Heridas Líquidas
No había caído en cuenta, lo hice el miércoles: uno no piensa en el Guaire, uno cree pensar en el Guaire. Uno no tiene una imagen del Guaire. Uno en realidad cree tener una imagen del Guaire. Esa imagen es un espejismo. Ese espejismo es pertinaz; pero, sobre todo: ese espejismo es aún más fuerte que la realidad.
El miércoles, después de escucharlo por cuatro, cinco, seis horas, después de mirarlo largamente, después de detallar un segmento de su margen, un recodo de sus cañerías, el moho de sus paredes de concreto, acabé por hacerme a la idea que jamás le había dado un lugar que no fuese la superficialidad del pensamiento, un esquema resbaladizo, pobre. Una falsa ficha dentro de un conjunto de vagas geografías. Esa ficha, sin embargo, es más fuerte que la misma realidad. Esa ficha es la única ficha posible.

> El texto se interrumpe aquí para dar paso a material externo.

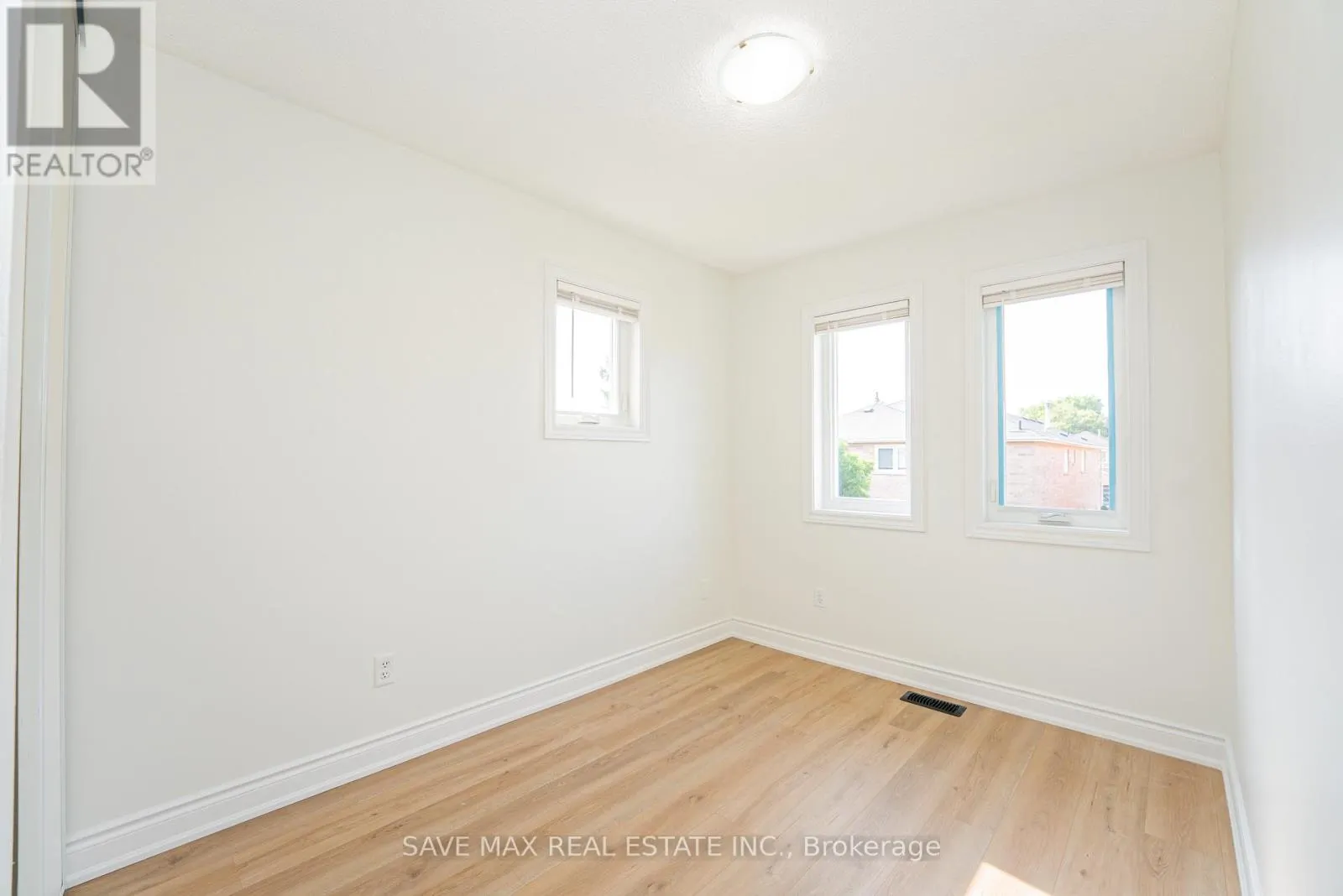 33 - 833 SCOLLARD COURT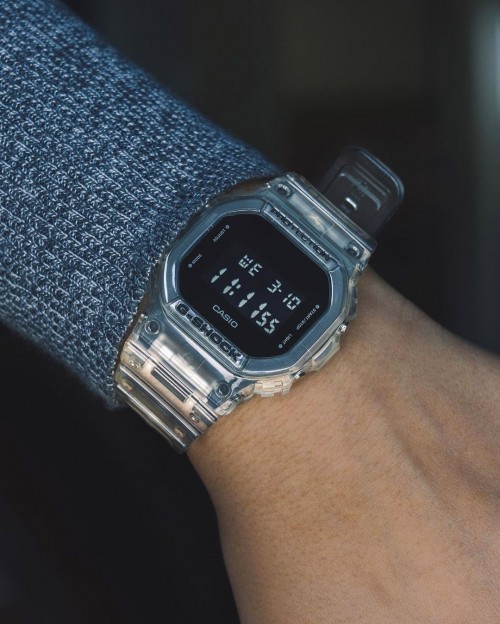 Casio G-Shock DW-5600SKE-7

Me tocó en la tranca, durante las protestas de ese día, a doscientos metros del punte de Los Leones. La noche anterior se supo del asesinato de los tres hermanos Faddoul y de su chofer, Miguel Rivas. Los Faddoul vivían en Vista Alegre. Ahora los vecinos trancaban la autopista.
No estaba en desacuerdo con la tranca. En la cola casi nadie estaba en desacuerdo con la tranca de la autopista. Una dolorosa fatalidad, como tantas otras dolorosas fatalidades que nos toca vivir a diario en un país que es, a su manera, una forma de la locura. Un empresario italiano asesinado la semana anterior. (Pump, pamp. Dos tiros, algunos otros episodios sórdidos de los que no me he querido enterar. Se acabó lo que se daba). Ahora la noticia, la noche anterior, que los tres niños y su chofer secuestrados por cuaranta días habían sido, finalmente, asesinados. No lo sabíamos, no había ocurrido, pero más tarde, ese mismo día, un reportero gráfico que cubría las protestas también sería asesinado con un tiro en el pecho en la misma autopista donde veíamos el Guaire. Pump. Seis muertos.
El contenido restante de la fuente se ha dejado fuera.